START Exercise materials
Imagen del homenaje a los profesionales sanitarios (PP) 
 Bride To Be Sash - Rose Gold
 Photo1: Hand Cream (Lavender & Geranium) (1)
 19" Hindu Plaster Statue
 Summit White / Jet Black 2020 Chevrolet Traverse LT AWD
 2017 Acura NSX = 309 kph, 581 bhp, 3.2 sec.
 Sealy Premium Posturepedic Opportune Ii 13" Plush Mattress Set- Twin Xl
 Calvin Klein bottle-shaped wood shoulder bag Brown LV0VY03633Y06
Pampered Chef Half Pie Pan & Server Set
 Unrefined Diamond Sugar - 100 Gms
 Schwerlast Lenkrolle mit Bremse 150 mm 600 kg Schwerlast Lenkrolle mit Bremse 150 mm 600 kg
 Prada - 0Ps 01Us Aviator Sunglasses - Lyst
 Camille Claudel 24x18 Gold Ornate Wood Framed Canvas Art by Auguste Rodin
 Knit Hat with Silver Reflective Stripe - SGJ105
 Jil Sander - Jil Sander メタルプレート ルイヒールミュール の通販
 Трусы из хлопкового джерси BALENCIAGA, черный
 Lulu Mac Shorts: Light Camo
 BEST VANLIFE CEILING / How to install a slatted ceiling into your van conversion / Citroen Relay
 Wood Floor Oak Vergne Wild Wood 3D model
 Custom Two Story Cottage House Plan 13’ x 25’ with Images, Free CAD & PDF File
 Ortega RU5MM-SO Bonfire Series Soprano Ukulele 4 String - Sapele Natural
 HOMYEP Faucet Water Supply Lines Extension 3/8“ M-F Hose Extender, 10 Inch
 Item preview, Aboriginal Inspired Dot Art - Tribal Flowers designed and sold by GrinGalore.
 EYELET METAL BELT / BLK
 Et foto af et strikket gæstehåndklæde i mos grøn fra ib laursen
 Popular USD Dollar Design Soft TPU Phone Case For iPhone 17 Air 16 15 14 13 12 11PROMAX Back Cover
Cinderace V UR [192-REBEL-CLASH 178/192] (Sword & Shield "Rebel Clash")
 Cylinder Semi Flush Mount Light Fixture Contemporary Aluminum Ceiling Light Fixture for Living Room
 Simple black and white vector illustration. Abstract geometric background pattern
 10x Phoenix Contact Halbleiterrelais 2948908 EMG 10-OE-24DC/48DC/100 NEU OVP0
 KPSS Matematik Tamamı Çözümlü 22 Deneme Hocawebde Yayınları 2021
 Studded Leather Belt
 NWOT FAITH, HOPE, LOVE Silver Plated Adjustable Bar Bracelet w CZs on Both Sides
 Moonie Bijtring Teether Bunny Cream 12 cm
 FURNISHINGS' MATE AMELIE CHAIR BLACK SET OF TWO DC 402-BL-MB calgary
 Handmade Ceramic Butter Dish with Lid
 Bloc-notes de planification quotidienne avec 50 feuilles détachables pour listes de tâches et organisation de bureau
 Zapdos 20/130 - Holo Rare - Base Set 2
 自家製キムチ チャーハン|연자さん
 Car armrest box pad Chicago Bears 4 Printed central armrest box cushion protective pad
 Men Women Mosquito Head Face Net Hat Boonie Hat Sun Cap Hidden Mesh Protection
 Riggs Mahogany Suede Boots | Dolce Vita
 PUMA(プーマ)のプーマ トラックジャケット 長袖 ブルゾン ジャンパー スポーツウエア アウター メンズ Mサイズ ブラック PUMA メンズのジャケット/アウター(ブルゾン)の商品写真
END Exercise materials
_What is being asked_
Pull out all lines from the entries above in which the word "Cream" appears.

_Solved exercise_
 Photo1: Hand Cream (Lavender & Geranium) (1)
 Moonie Bijtring Teether Bunny Cream 12 cm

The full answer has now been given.